Security Considerations

• Key Security: Protect your encryption key using secure key management practices.
• Key Rotation: Plan for key rotation and re-encryption strategies.

Contributing

Contributions are welcome!

License

This project is licensed under the MIT License - see the LICENSE file for details.

Contact

• Author: Efe Yener
• Email: efeyener6132@gmail.com
• GitHub: efeynr

FAQ

1. Can I use this library with databases other than SQL Server? Yes, EfCore.ColumnEncryption is database-agnostic and should work with any database provider supported by Entity Framework Core.

2. Does this library support encryption of data types other than strings? Currently, the library focuses on encrypting string properties. Support for other data types may be added in future releases.

3. How secure is the encryption provided by this library? The library uses AES-GCM, which is a widely accepted and secure encryption algorithm.

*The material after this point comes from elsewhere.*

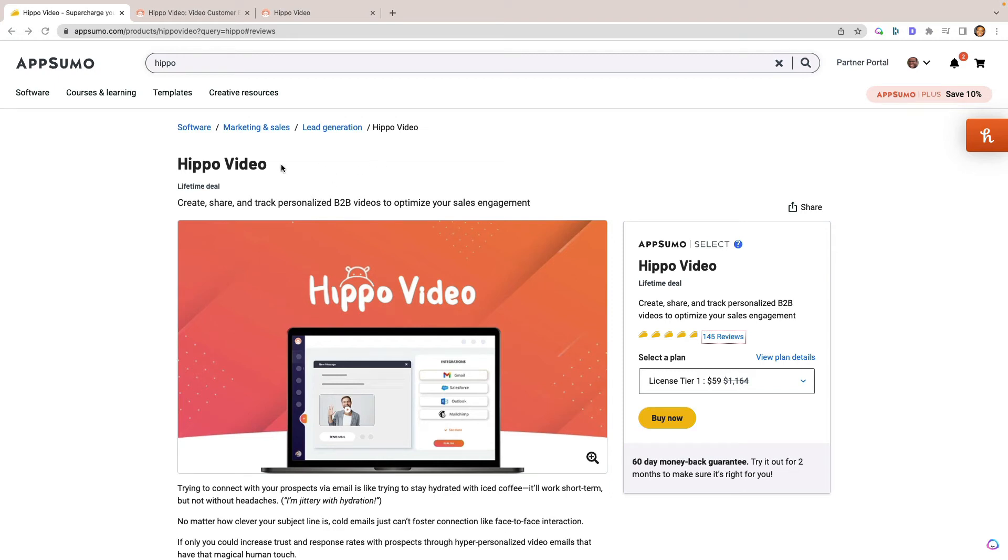In this video, I'm going to be reviewing Hippo Video. Hippo Video is currently on AppSumo. It's an AppSumo Select deal, so they have been properly vetted by AppSumo.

However, security also depends on how you manage your encryption keys and the overall security practices of your application.

Feedback

If you encounter any issues, have questions, or want to suggest new features, please open an issue on the GitHub repository.

Notes

• Secure Key Management: Do not commit your encryption keys or any sensitive information to version control.
• Dependencies: Regularly update your dependencies to include the latest security patches.

Additional Resources

• Official Documentation: Entity Framework Core
• AES-GCM Information

Thank you for using EfCore.ColumnEncryption!